After the ascending major-key, invocation of “Behold” the music shifts to the minor for “the glad tidings.” The vocal line surges upward before tumbling downward, like Purcell’s racing left hand in his famous Voluntary for Double Organ. In an inspired example of the counterintuitive, the line plunges downward towards the word “joy,” which is pulled, Orpheus-like, from the depths by Gostling’s latter-day successor, Michael George. Is this rapture descending to earth, God among us? Perhaps. But I cannot help but hear a certainly thrill in the dark side, or maybe an impish desire to play with the exuberant flames of the Christmas fire.

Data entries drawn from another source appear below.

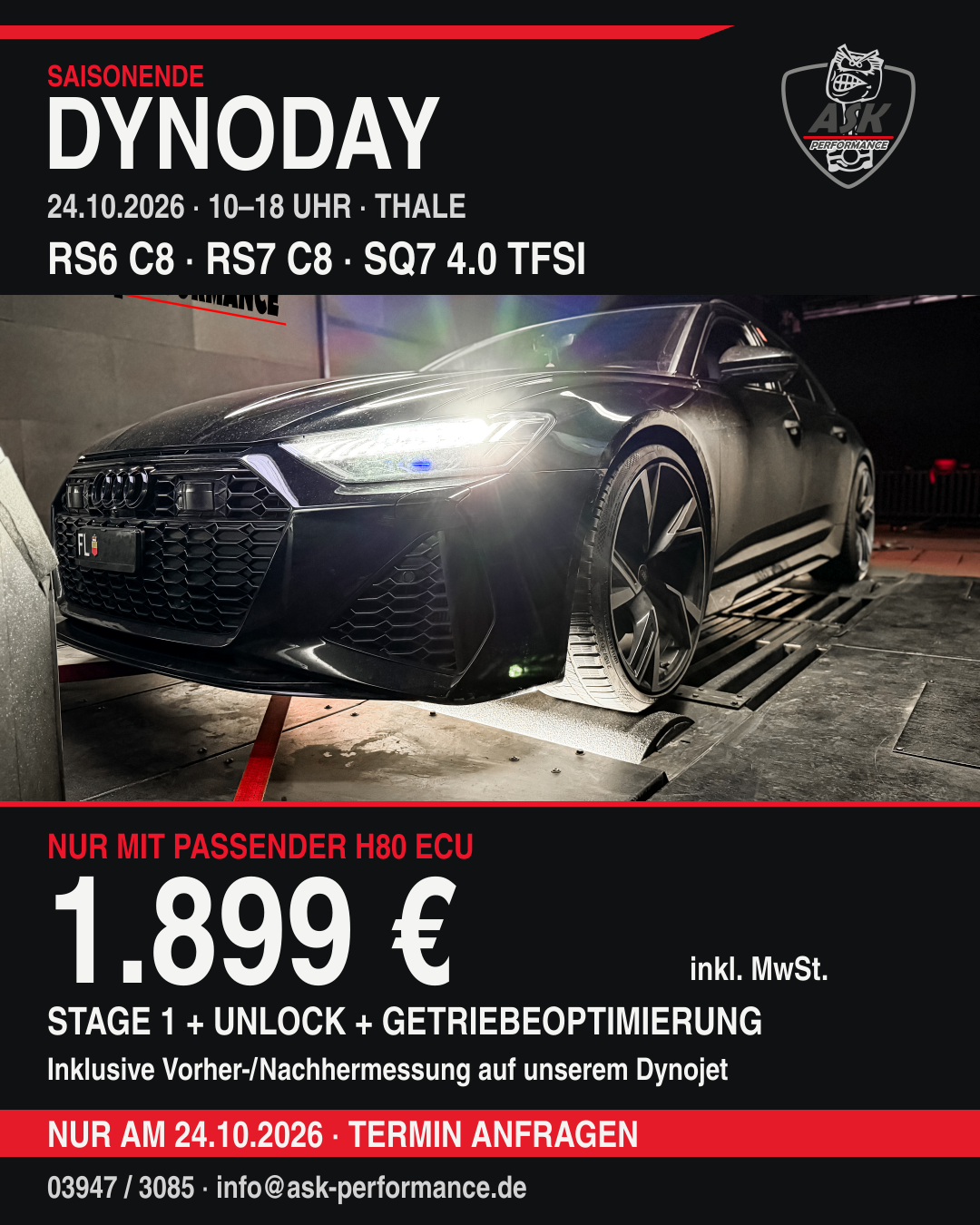 RS6 C8 / RS7 C8 / SQ7 4.0 TFSI – mit passender H80 ECU – Dynoday-Angebot am 24.10.2026 für 1.899 €
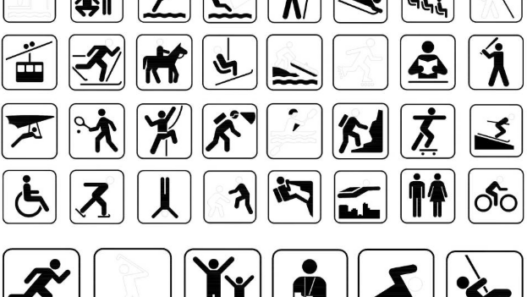 Colección de pictogramas deportivos en bloques AutoCAD DWG con iconos de natación, ciclismo, fútbol, atletismo, esquí y actividades recreativas.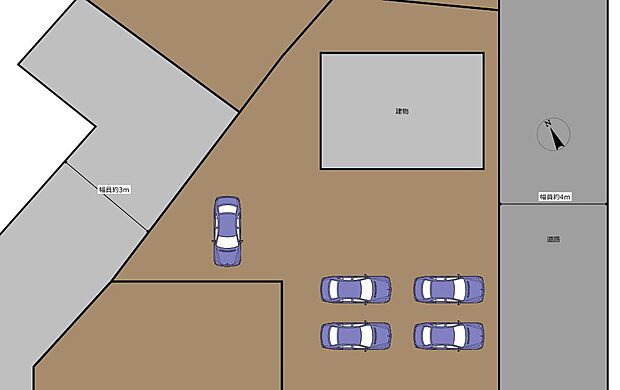 【リフォーム中】予定区画図です。駐車計5台可能になる予定です。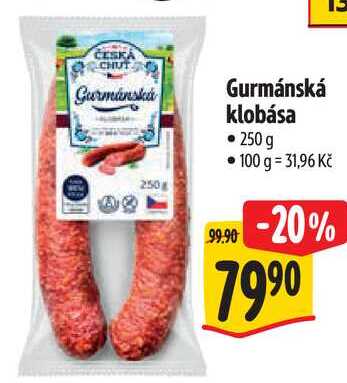 Gurmánská klobása, 250 g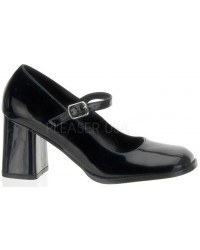 Gogo Black Block Heel Mary Jane Pump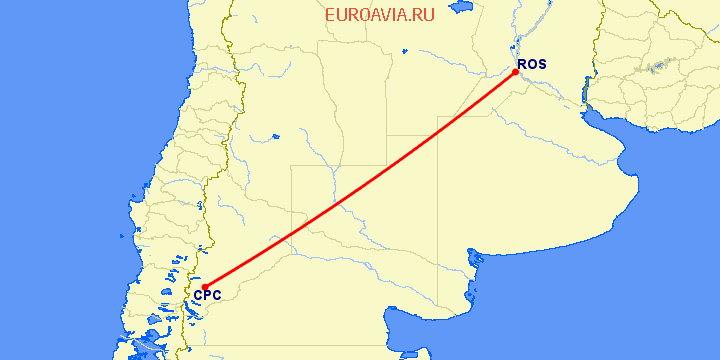 перелет Росарио — Сан Мартин де лос Андес на карте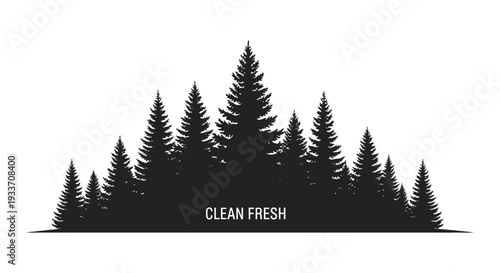 A striking black silhouette of evergreen trees against a white background with text silhouette high quality professional detailed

Two higher male voices—here sung great English singers, the countertenor James Bowman and Charles Daniels—bring “glad tidings” in dancing triple time. The technical precision of the singing is astounding: the intonation and accuracy, as if all were as easy as playing it at the organ, but with the expressivity only the human voice can supply.
Purcell then brings in the heavenly host with all three soloists in swirling colloquy intermixed with jubilant string interludes, before the full chorus—and Purcell had large one at his disposal—echoes the rapturous consonance of the choir of angels. Handel would learn much from this kind of dramatic deployment of massed choral forces: “Glory to God on high.” Purcell alternates this with the prayers of the soloists for peace and good will towards men. The words are delivered to a melancholy music above a descending bass-line that is unmistakably a lament. I cannot help but hear in this passage an unflinching realism about earthly truths: this music invoking peace mourns the lack of it on earth.
The final cadence curls garlands up towards heaven but also down towards earth: before the transcendent gestures of the final rising chords Purcell allows room for the sport of human intelligence and the embrace of sensual contour—dancing, conversing, flirting. With this one Christmas anthem, Purcell, god-like, made an entire musical universe, but one in which pomp of heaven-on-earth seems secondary to the more complicated and compelling beauty of the tangible. With his single Christmas anthem Purcell glories in the absolute, but stuffs the stockings with the real.